Complexity Analysis:
Time Complexity:
When it comes to
- Sorting Queries, the process involves interfacing with the data structure directly, resulting in a time complexity of O(Q log Q), where Q represents the total number of queries. This efficiency is achieved by sorting the queries based on their left and right bounds. The implementation of Mo's algorithm focuses on optimizing this sorting to minimize the movement of the pointers, left and right.
On the other hand, for
- Processing Queries, the adjustments are made to the range by iteratively moving the left and right pointers for each query. This adjustment operation for each query requires O(sqrt{N}) time, where N denotes the size of the array. Considering there are Q queries in total, the overall time complexity to process all queries sums up to O(Q (sqrt{N})).
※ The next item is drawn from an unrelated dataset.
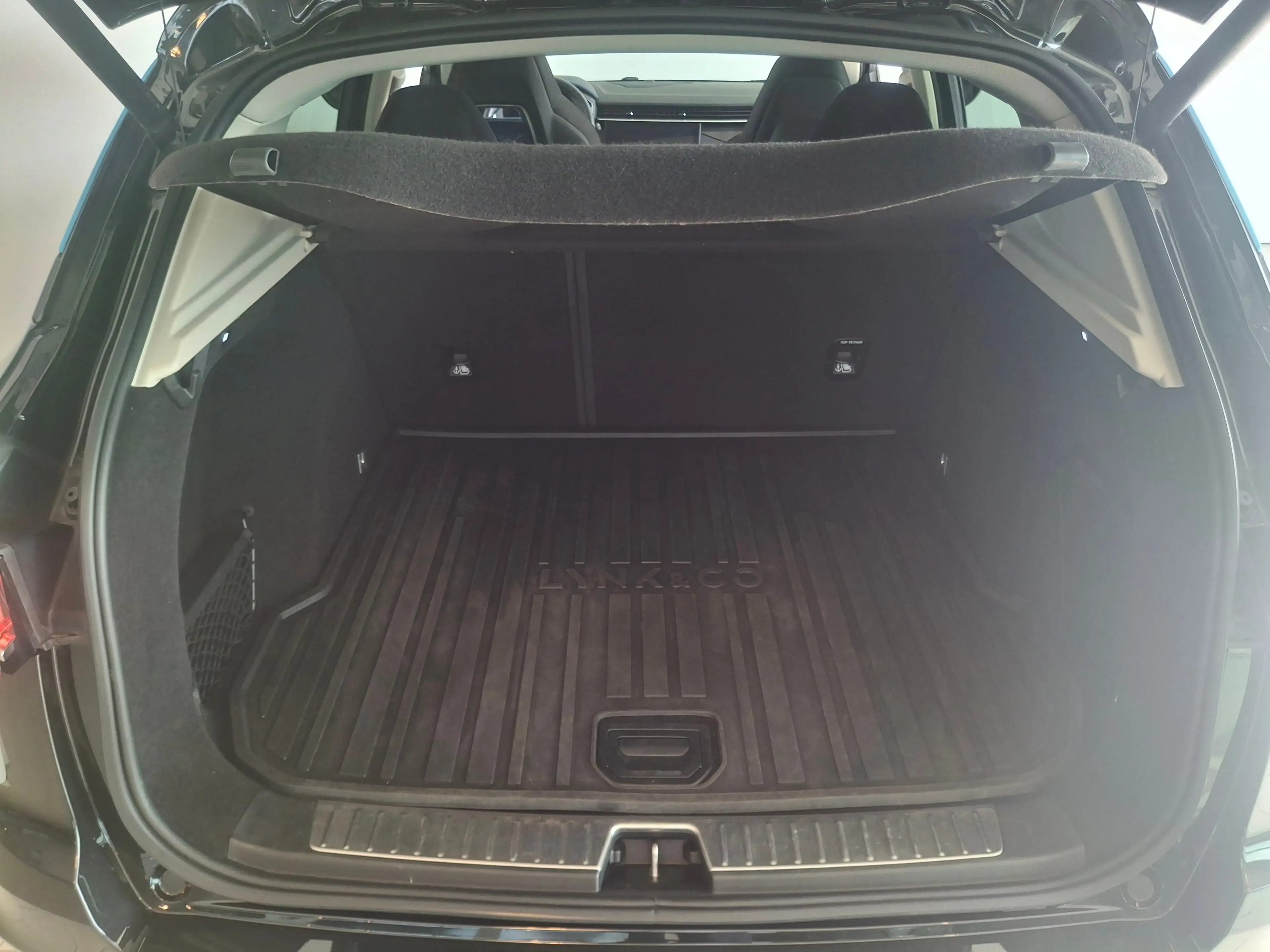 Lynk & Co 01 1.5 PHEV PANO LED INFINITY SOUND MEMORY 360° Camer — photo 14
It all adds up to a combined complexity of (O((Q + N) sqrt{N})) where (N) represents the array's size and (Q) indicates the number of queries.
Space Complexity:
The allocation of memory for the array, frequency array, and queries significantly impacts the space complexity:
The array requires (O(N)) space complexity. An additional (O(N)) space is necessary for the frequency array used to tally elements. Allocating (O(Q)) space is essential for holding the queries. Consequently, the space complexity of this algorithm totals (O(N + Q)).